Recorde-se a esse respeito o caso da ‘Crónica da conquista da Guiné’ de Zurara. O texto foi descoberto em Paris, em 1837, entre os manuscritos da Bibliothèque Nationale. Ferdinand Denis, o homem que fez a descoberta, revelou a existência da obra ao ministro de Portugal, este, por sua vez, transmitiu-o ao visconde de Santarém, e este, entusiasmado, iria promover a publicação do texto com um prefácio seu. A obra viera no momento certo, pois que, com ela, se provava que tinham sido os portugueses a explorar pela primeira vez a costa da Guiné, e não os franceses, como estes pretendiam.
Ora esta conclusão baseava-se em provas indisputáveis. Que eram os relatos de viagem, , que os homens que a realizado, tinham ditado para o infante D. Henrique. D. Afonso V, que encomendara a obra a Zurara, sugerira que ele consultasse para ela os referidos relatos. Zurara fez mais, publicou os ditos relatos. Não os interpretou à sua maneira, deu-os na sua forma original. Com o resultado que não há crónica tão pouco ‘crónica’ como esta. Não é o relato dos feitos de armas de cavaleiros de grandes nomes. Creio que, a não ser o Infante não há fidalgo mencionado. É um livro de aventuras, vividas e narradas por homens simples, por gente do mar.

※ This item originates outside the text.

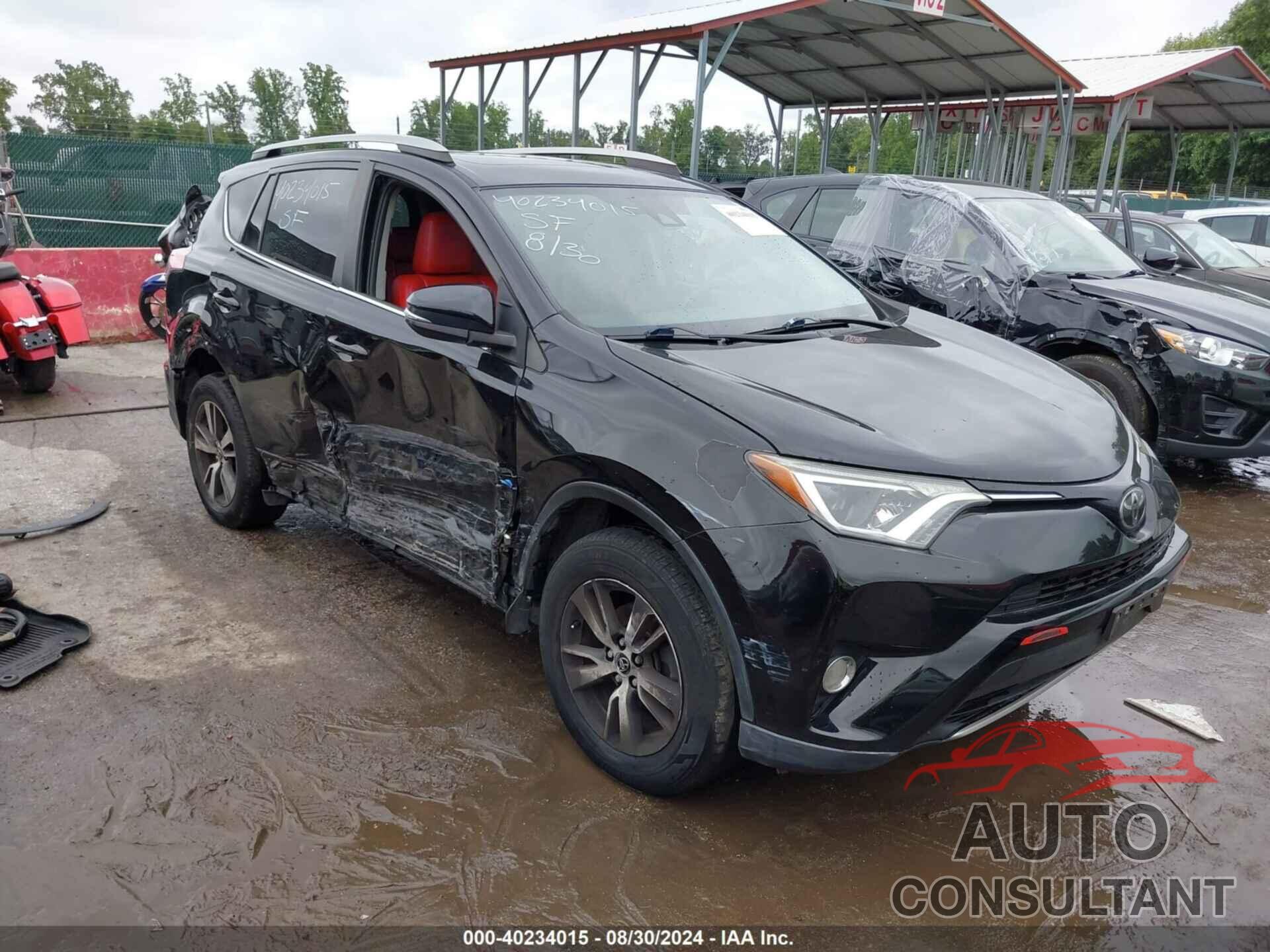 TOYOTA RAV4 2018 - 2T3RFREV8JW782575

Não eram explorações científicas aquelas ao longo da costa da Guiné. O Infante queria saber como aquilo era, como era a gente, que rios desaguavam, que enseadas havia. Pois bem, os donos de boas embarcações de pesca, que conheciam bem a costa, estavam prontos a ver aquilo melhor, a ir até um pouco mais longe. A coisa era proveitosa, o Infante contribuía, e a venda dos negros que se capturassem era um óptimo negócio. Mesmo dando ao Infante a sua parte. Tudo muito natural, não chocando ninguém.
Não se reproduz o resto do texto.